Ma in assenza di una norma nazionale in materia – con nuovi testi che a fatica tentano di farsi strada in Senato – ancora troppi sono gli spiragli lasciati aperti dalla sentenza della Consulta: proprio per dare risposte a chi, come Laura Santi in Umbria, rischierebbe di rimanere intrappolato in lungaggini burocratiche, l’associazione Coscioni da tempo tenta la via delle Regioni con una proposta di legge che fissi confini temporali e modalità certe per accedere alla procedura.
Il Friuli Venezia Giulia non è il Veneto, dove neanche l’apertura di Luca Zaia ha convinto una maggioranza spaccata sul tema. A ventiquattr’ore dalla discussione in piazza Oberdan l’opposizione già contempla l’opzione del “Voto alle Camere” per sollecitare direttamente il Parlamento e così prendere per le corna l’esito di una dibattito, quello di martedì, che appare già scontato e a favore di un “no” più volte ribadito anche dal governatore Massimiliano Fedriga, contrario alla possibilità che sia la Regione a legiferare sul fine vita.
«Non abbiamo molte speranze sulla volontà di intervenire, ma abbiamo il dovere di riprovarci», dice il consigliere Enrico Bullian (Patto-Civica), primo firmatario di una mozione sul fine vita affossata in novembre dopo un confronto in cui si sono alternate associazioni pro-vita e pro-scelta. L’appello a «superare il tabù» è dunque oggi a un centrodestra che per Bullian «rinuncia a governare il processo», lasciando i malati in balia delle tempistiche delle Asl: la priorità è «dare risposte univoche a chi si trova in condizioni di estrema sofferenza».

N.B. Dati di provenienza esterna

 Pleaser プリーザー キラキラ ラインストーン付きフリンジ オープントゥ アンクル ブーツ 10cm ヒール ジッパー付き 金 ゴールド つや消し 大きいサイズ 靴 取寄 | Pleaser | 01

Il tempo è finito. Il Consiglio regionale, tramite la Terza commissione, è ora chiamato a esprimersi su un tema che nell’ultimo anno ha attraversato i confini della cronaca locale solleticando le corde della coscienza personale. La proposta di legge è stata depositata in agosto, e di nuovo da allora c’è stato il primo “no” del Veneto dove il testo è stato fermato per un solo voto e i casi dell’Emilia Romagna (dove pende un ricorso al Tar) e della Liguria (dove il presidente Toti si è espresso favorevolmente). Ancora, il monito contrario dei vescovi del Triveneto e il richiamo al Parlamento dal presidente della Consulta Augusto Barbera. La morte di Sibilla Barbieri, di Stefano Gheller. E, ancora prima, quella di Anna, che ha infine premuto quel bottone e assunto il farmaco letale che l’ha resa «finalmente libera».